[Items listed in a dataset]
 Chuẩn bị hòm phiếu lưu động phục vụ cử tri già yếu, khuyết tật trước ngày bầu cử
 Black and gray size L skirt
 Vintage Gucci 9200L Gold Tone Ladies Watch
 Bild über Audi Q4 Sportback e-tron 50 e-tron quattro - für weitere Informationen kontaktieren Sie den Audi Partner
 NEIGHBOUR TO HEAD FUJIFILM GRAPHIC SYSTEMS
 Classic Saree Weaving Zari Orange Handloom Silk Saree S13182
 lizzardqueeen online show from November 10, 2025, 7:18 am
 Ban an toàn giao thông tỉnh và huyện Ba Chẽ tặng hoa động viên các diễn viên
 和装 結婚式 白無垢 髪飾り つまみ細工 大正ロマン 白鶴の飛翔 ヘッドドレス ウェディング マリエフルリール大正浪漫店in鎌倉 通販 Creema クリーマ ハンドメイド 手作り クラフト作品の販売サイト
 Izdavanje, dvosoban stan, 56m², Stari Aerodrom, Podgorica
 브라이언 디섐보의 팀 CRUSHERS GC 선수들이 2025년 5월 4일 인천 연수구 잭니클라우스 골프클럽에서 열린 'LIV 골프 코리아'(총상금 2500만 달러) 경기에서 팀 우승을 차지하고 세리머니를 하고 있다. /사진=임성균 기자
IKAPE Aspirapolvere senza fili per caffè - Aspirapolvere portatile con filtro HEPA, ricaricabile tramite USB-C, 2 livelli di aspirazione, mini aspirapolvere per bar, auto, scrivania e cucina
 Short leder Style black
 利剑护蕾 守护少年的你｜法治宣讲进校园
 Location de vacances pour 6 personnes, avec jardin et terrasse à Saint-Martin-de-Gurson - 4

▶ _TASK OBJECTIVE_: The required answer is each line of the entries containing the string "động".

▶ _EXERCISE RESULT_:
 Chuẩn bị hòm phiếu lưu động phục vụ cử tri già yếu, khuyết tật trước ngày bầu cử
 Ban an toàn giao thông tỉnh và huyện Ba Chẽ tặng hoa động viên các diễn viên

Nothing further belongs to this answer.